TASK OBJECTIVE: A word-for-word copy of the data is what's wanted; pictures stay out of it.

---- INFORMATION SHOWN

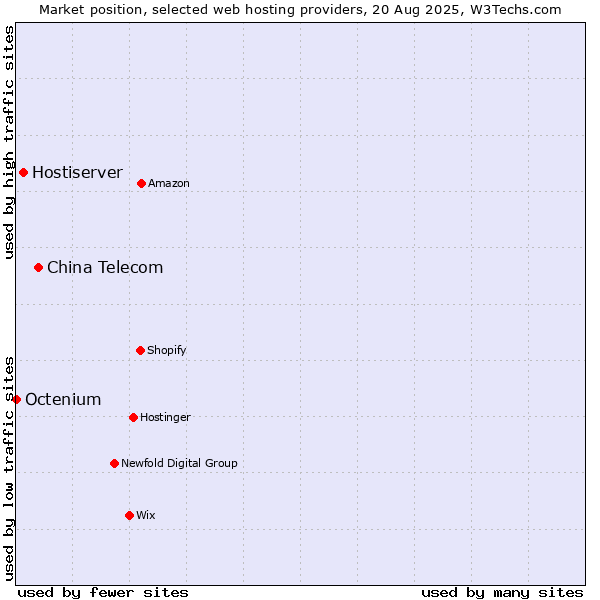 Market position of China Telecom vs. Hostiserver vs. Octenium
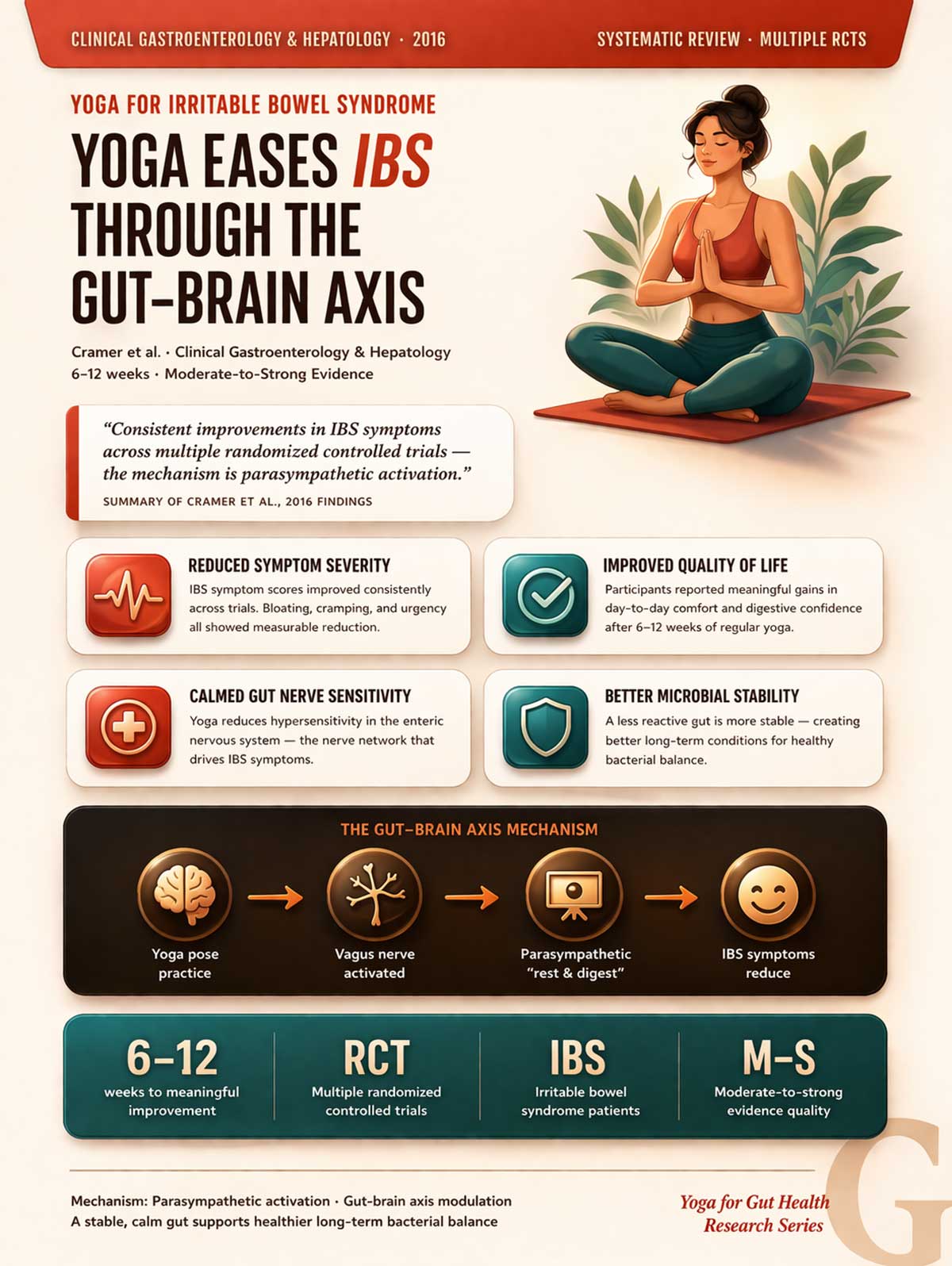 Yoga Eases IBS Yoga Eases IBS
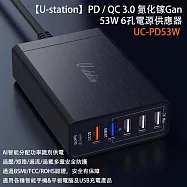 新品上市【U-station】PD 氮化镓GaN 53W 6孔電源供應器 UC-PD53W 黑色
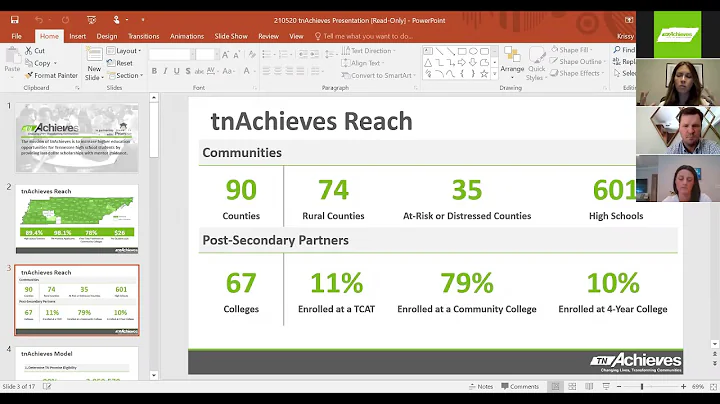 May Mentor Webinar - tnAchieves By The Numbers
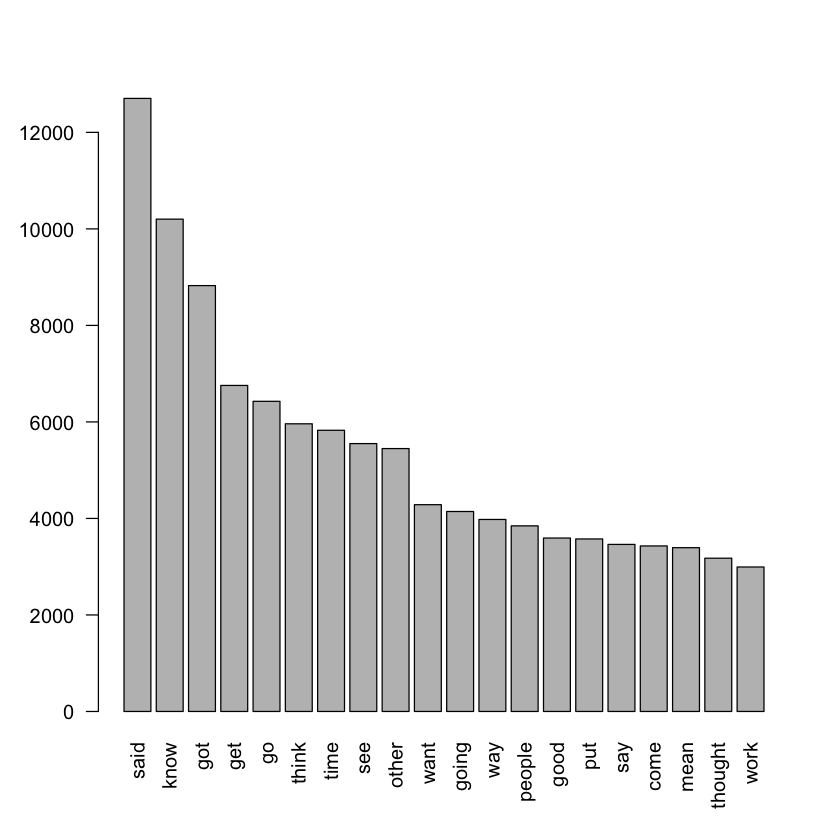 ../_images/basics_03_descriptive_statistics_10_0.png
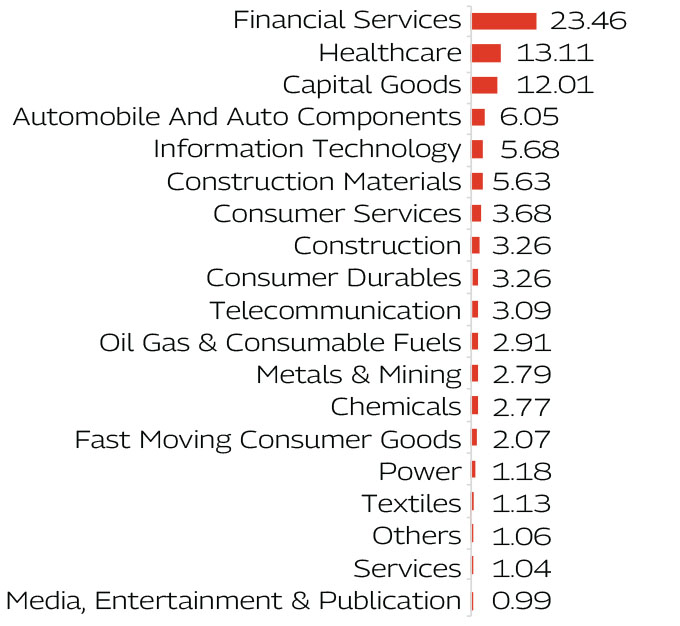 MAHINDRA MANULIFE MULTI CAP BADHAT YOJANA 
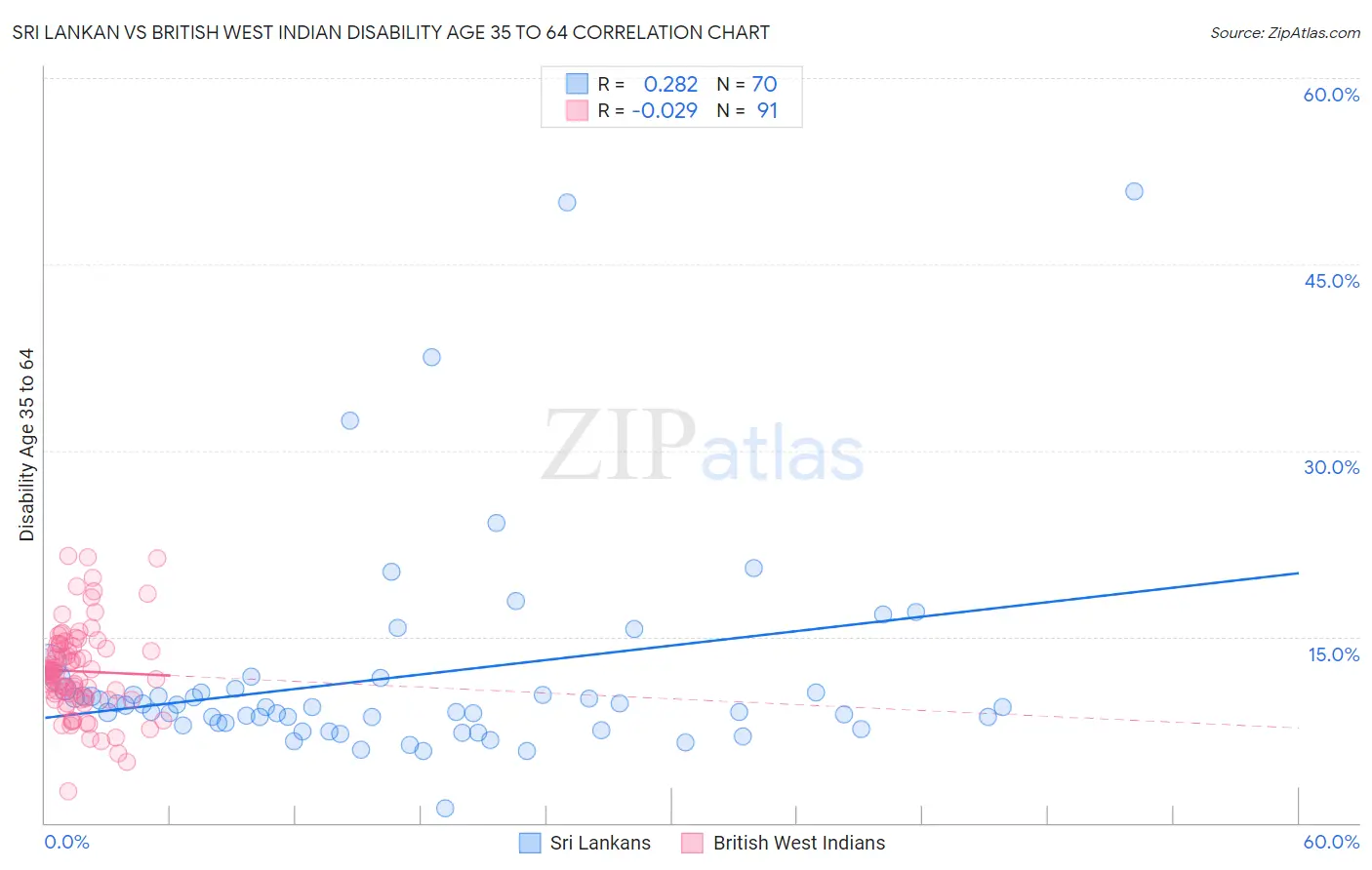 Sri Lankan vs British West Indian Disability Age 35 to 64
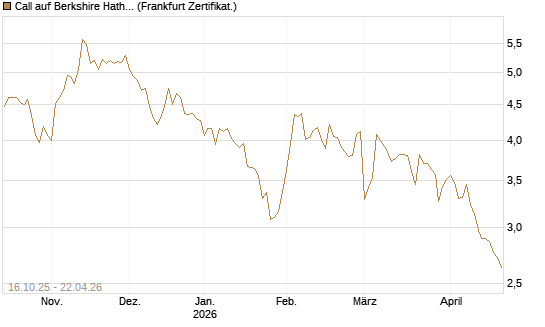 Call auf Berkshire Hathaway B [BNP Paribas Emissions- und Handelsges.] Chart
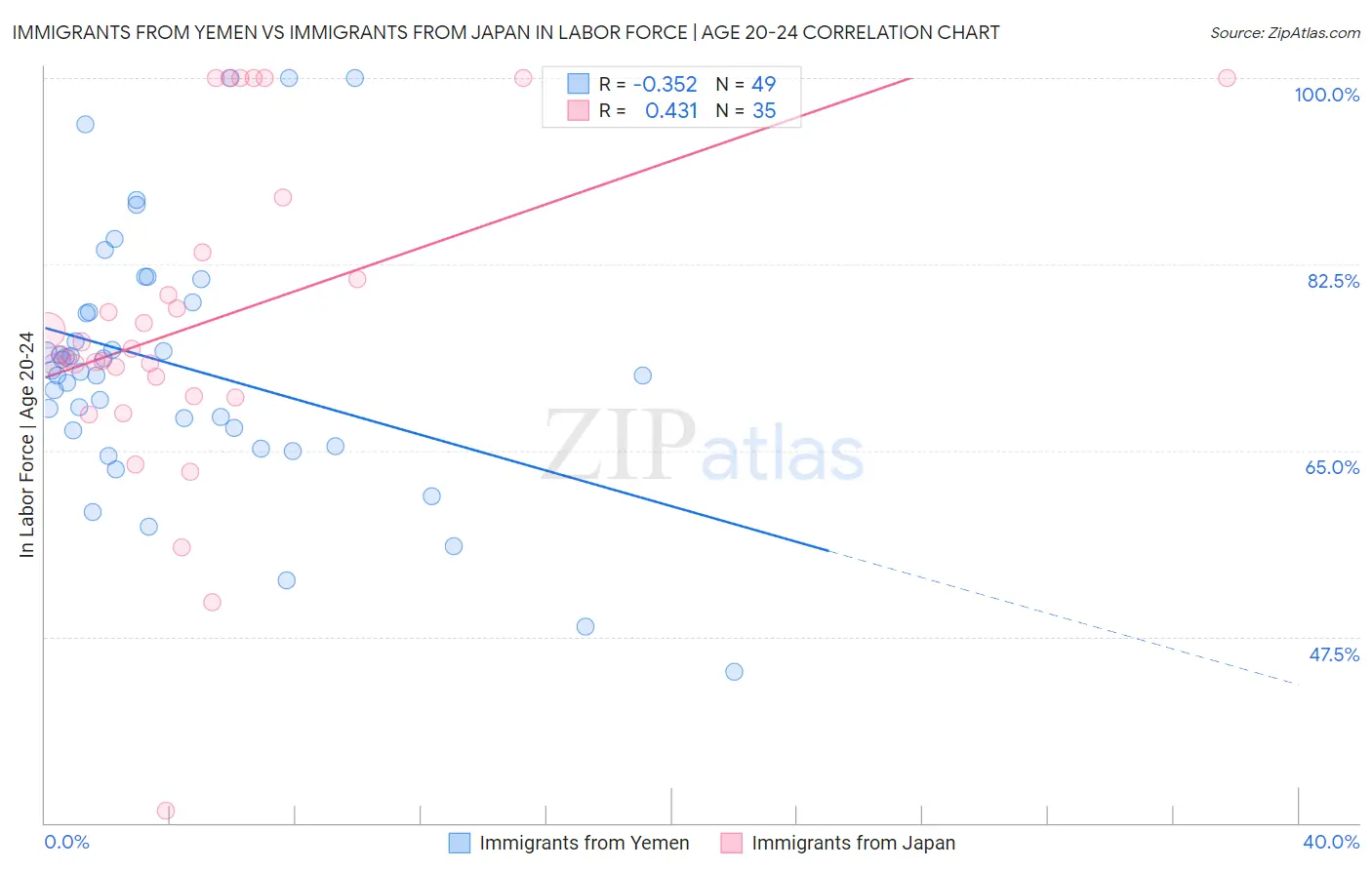 Immigrants from Yemen vs Immigrants from Japan In Labor Force | Age 20-24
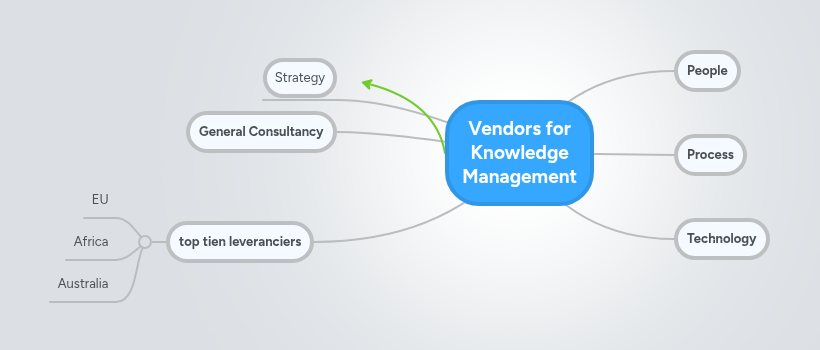Vendors for Knowledge Management | MindMeister Mind map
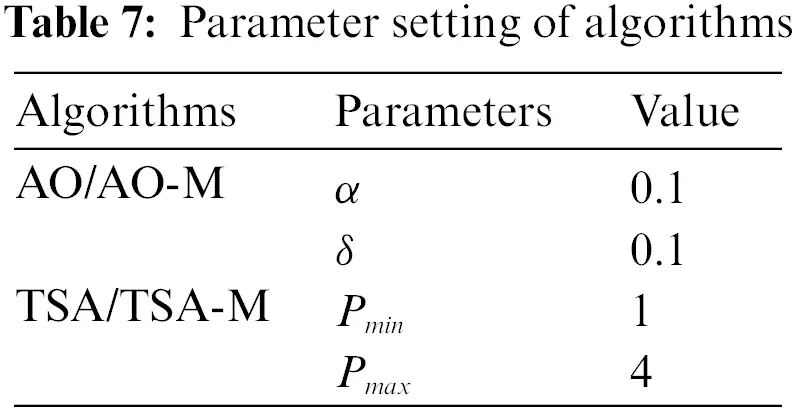CMES | Free Full-Text | A Large-Scale Scheduling Method for Multiple ...
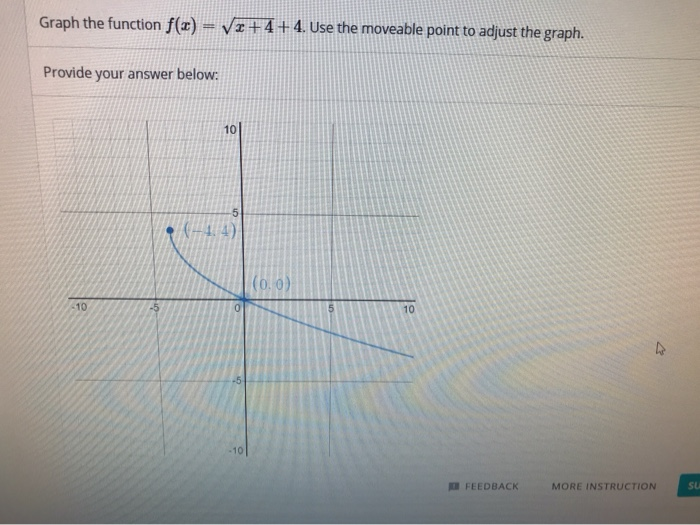 Solved Graph The Function F(x) = Vx+4+4. Use The Moveable 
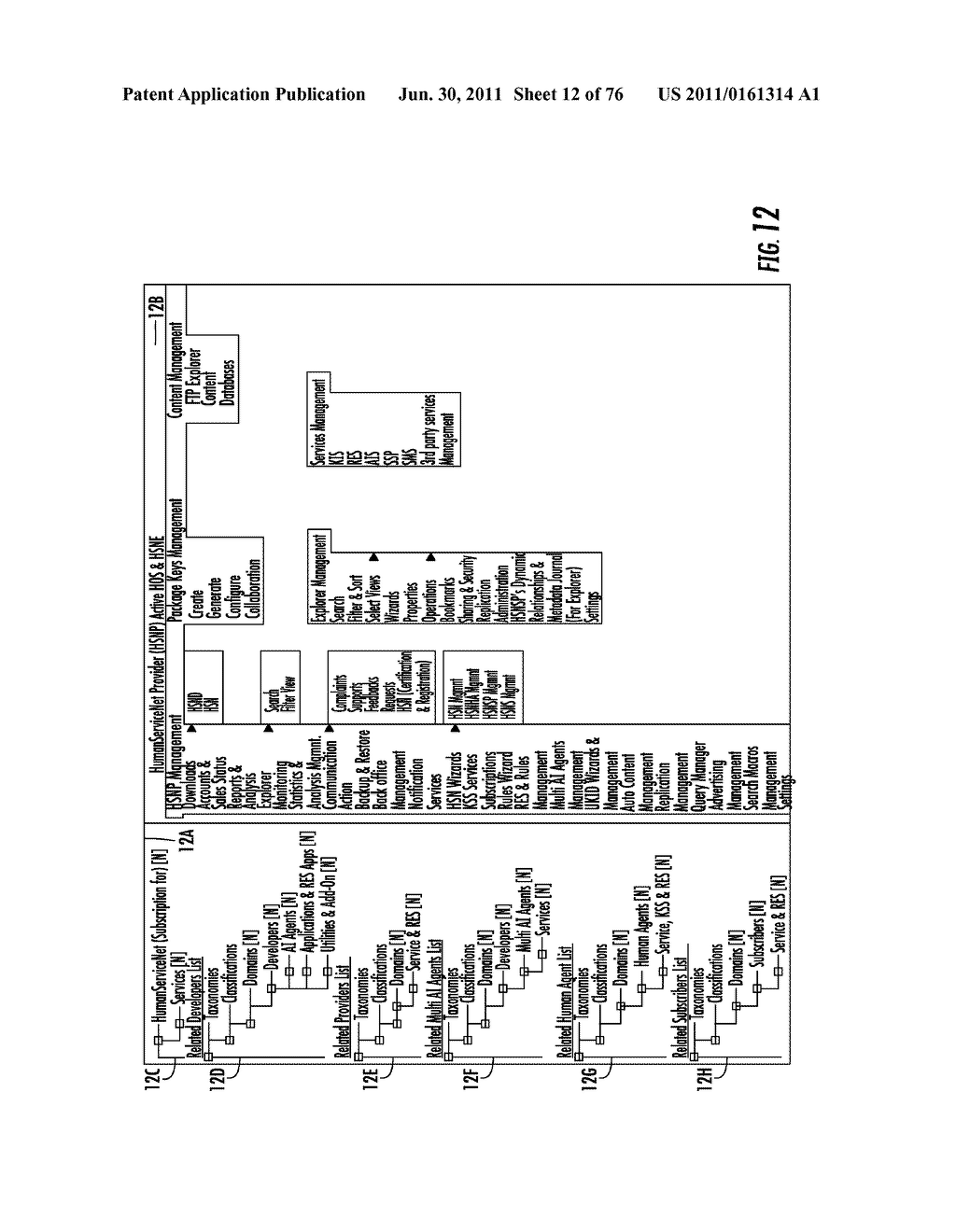 METHOD AND SYSTEM FOR MANAGING RESOURCES FOR PROVIDERS - diagram, schematic, and image 13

--------

SOLUTION TO THE PROBLEM:
 Market position of China Telecom vs. Hostiserver vs. Octenium
 Yoga Eases IBS Yoga Eases IBS
 新品上市【U-station】PD 氮化镓GaN 53W 6孔電源供應器 UC-PD53W 黑色
 May Mentor Webinar - tnAchieves By The Numbers
 ../_images/basics_03_descriptive_statistics_10_0.png
 MAHINDRA MANULIFE MULTI CAP BADHAT YOJANA 
 Sri Lankan vs British West Indian Disability Age 35 to 64
 Call auf Berkshire Hathaway B [BNP Paribas Emissions- und Handelsges.] Chart
 Immigrants from Yemen vs Immigrants from Japan In Labor Force | Age 20-24
Vendors for Knowledge Management | MindMeister Mind map
CMES | Free Full-Text | A Large-Scale Scheduling Method for Multiple ...
 Solved Graph The Function F(x) = Vx+4+4. Use The Moveable 
 METHOD AND SYSTEM FOR MANAGING RESOURCES FOR PROVIDERS - diagram, schematic, and image 13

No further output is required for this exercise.